Aging playboy Henry Graham, finds himself broke and contrives to marry well and then dispose of his bride and keep living as he has. He meets clumsy and dowdy Henrietta Lowell at a high society tea and recognises his target immediately. Their courtship is brief but effective and soon they are wed and he prepares immediately for the final act. But then things start happening that give him pause. Will a newly developed conscious override his native cold sarcasm and change him? You might be surprised at how this resolves.

In an era of kooky romcoms like Little Murders or Where's Poppa, A New Leaf takes a step further into the realm of the brightly lit end of the street and, looking every inch the '60s meet cute, starts out as a tought, kicking satire with an unexpected heart. This is down to good casting (more later) and the mind of its adapter and director Elaine May. May was known to American audiences for her partnered satirical dialogues on current events on radio and tv. Her partner was Mike Nicholls who also went on to a career in film as a director. The black humour of this early success is threaded all through this fable of conscience as its central antihero is continually tested with opportunities for power or good. That makes it sound like a cardboard pageant but A New Leaf is a constantly engaging  and laugh out loud funny trek through the conflict between intelligence and virtue.

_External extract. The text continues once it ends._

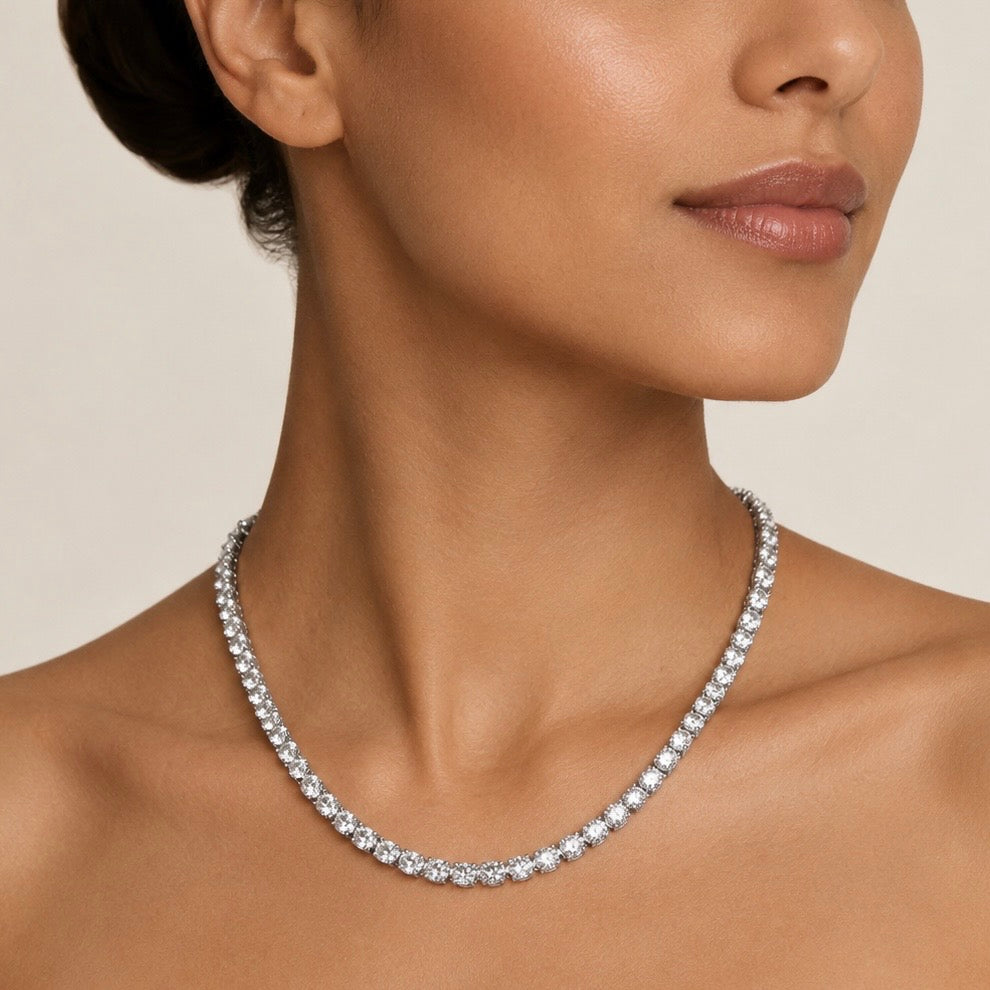 14kt Lab Diamond Tennis Chain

Walter Matthau is far too old to be the playboy that he is. His push through to make us believe that he still considers himself one impresses us and we let him in. His strong and nasty wit make him welcome and, for all its vileness, his scheme to improve himself strikes us as funny and we respond easily to its tension. The brilliant George Rose stands in for Henry's conscience as his man servant, his own bullet-dodging wit delivered and both character and actor are up for the task when Henry's own conscience appears to slowly wake (though as what we won't know until the very end). However, it is Elaine May herself (too beautiful to conceal behind dowdy costuming and klutziness) who carries her creative input to the centre of the screen. Her phsyical humour (the nightgown scene is far more effective that you would imagine at this age: I'm laughing as I type this) plays a committed sense slapstick against her character's unawareness of her clumsiness. The remainder of the cast will be recognisable to anyone who has seen and treasured US comedy cinema from the era with one exception. May roped her old comedy partner Mike Nicholls in for an extraordinary scene as Henry's accountant struggles to convince Henry that the well has run dry while Henry circles back to his demand that one of his cheques be paid.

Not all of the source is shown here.